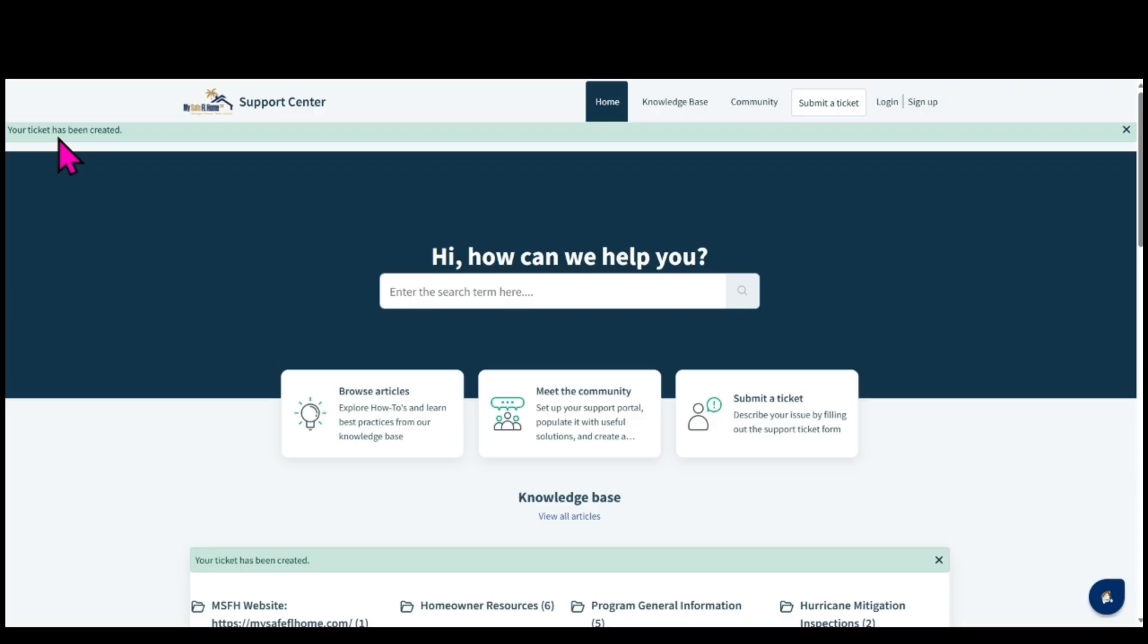Once submitted, the system will return to the My Safe Florida Home Support Center homepage and a message stating your ticket has been created will be displayed in a green box on the page. An email will be sent to the email address you provided.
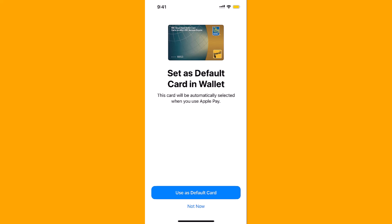That's how you add your Royal Bank Card to Apple Pay and RBC app. Thank you so much guys for watching, and if you have not yet subscribed to our YouTube channel, please subscribe as we create tech videos related to financial apps almost every day.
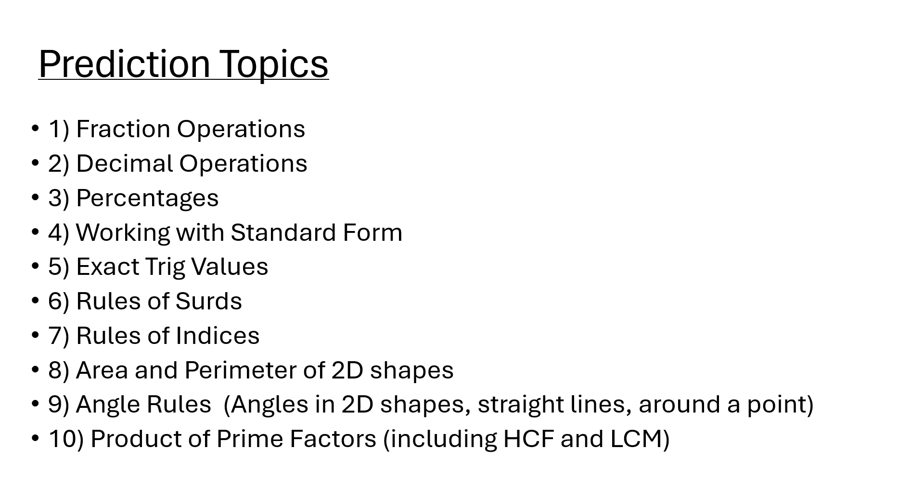These are my top ten topics that are likely to appear on this year's exam. If you find it useful, please share with your friends, teachers, parents, neighbors, anyone that might find it beneficial. Thanks so much for watching. Please like, comment, share, subscribe, and I'll see you in the next video. Take care, all the best.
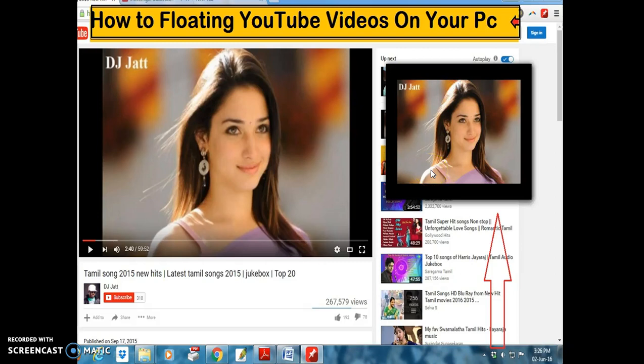Hello viewers, welcome to my tutorial. Today I'm going to show you how to float YouTube videos on your PC.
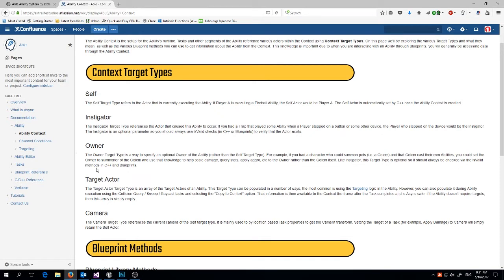'Instigator' is the one who caused the ability to occur. This generally happens if you have a trap system — the instigator could be the player that stepped on the trap, where the actual trap object would be the self. 'Owner' is a generic gameplay concept: if I summon a golem, the owner is whoever summoned it. My golem may be casting spells, but I'll want to get the owner's stats when calculating damage — it's a way to chain back to who originally cast the spell.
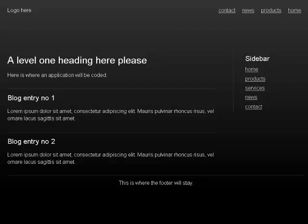Complementary landmark, heading level 2. Sidebar list of 5 items: link Home, link Products, link Services, link News, link Contact. List and content info landmark — this is where the footer will stay.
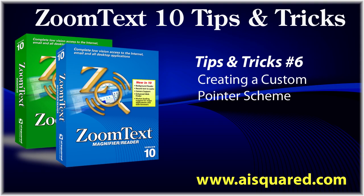Hello and welcome to this tips and tricks video for ZoomText 10. In today's video, we're going to show you how you can create your own custom pointer scheme in ZoomText.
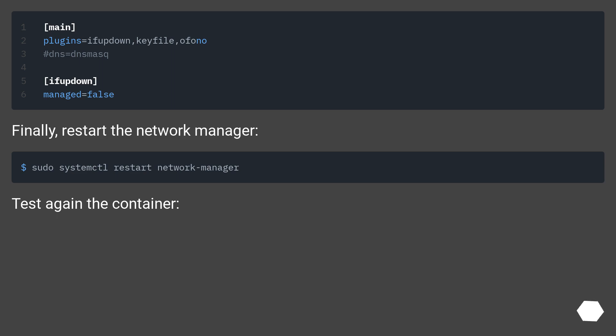Finally, restart the NetworkManager. Test again the container.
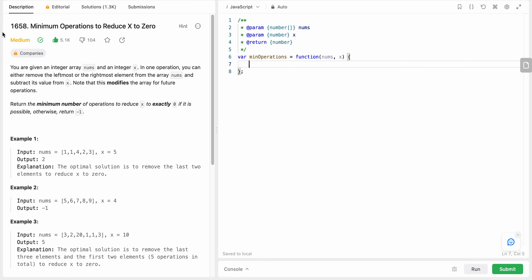Hello friends, today I'm going to solve LeetCode problem number 1658 - Minimum Operations to Reduce X to Zero. In this problem we are given an integer array nums and an integer x. We are allowed to remove values from either left or right, subtracting those values from x, and we need to find the minimum number of operations to reduce x to exactly zero. If we are not able to find those, we return minus one.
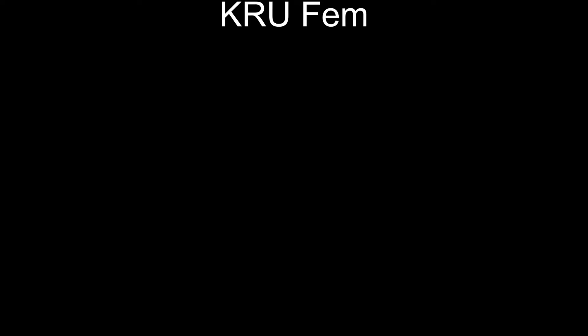And finally, from the LATAM region, it's just flagged in VCT. KRU FEM, in length of VCT team, swept the regional final against Firepower. The Latin America South team might be a team to watch out for at Berlin. The roster consists of Slava Kata as the captain, Koneer, Romy, Ponsu, and Baschot, and Autumn as the sub. The coach is Frex.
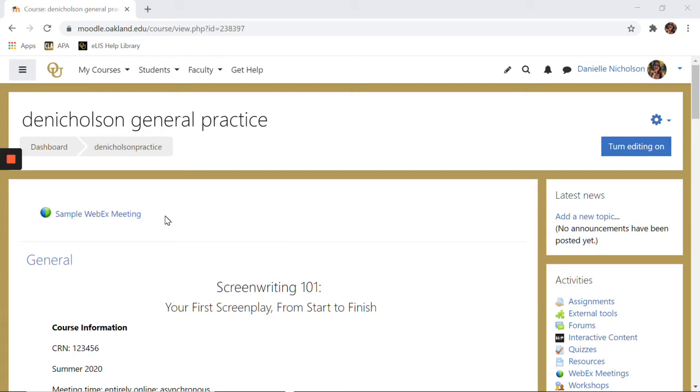Oakland University will no longer be a Webex client after December 2020. Starting in January 2021, all faculty, staff, and students will need to use either Google Meet, Yuja, or Zoom for video conferencing.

■ ■ ■ ■ ■

Leave out the pictures and repeat exactly the lines from the start of the material through the line that contains "That's how you", both included.

RESPONSE AREA —
Once submitted, the system will return to the My Safe Florida Home Support Center homepage and a message stating your ticket has been created will be displayed in a green box on the page. An email will be sent to the email address you provided.
That's how you add your Royal Bank Card to Apple Pay and RBC app. Thank you so much guys for watching, and if you have not yet subscribed to our YouTube channel, please subscribe as we create tech videos related to financial apps almost every day.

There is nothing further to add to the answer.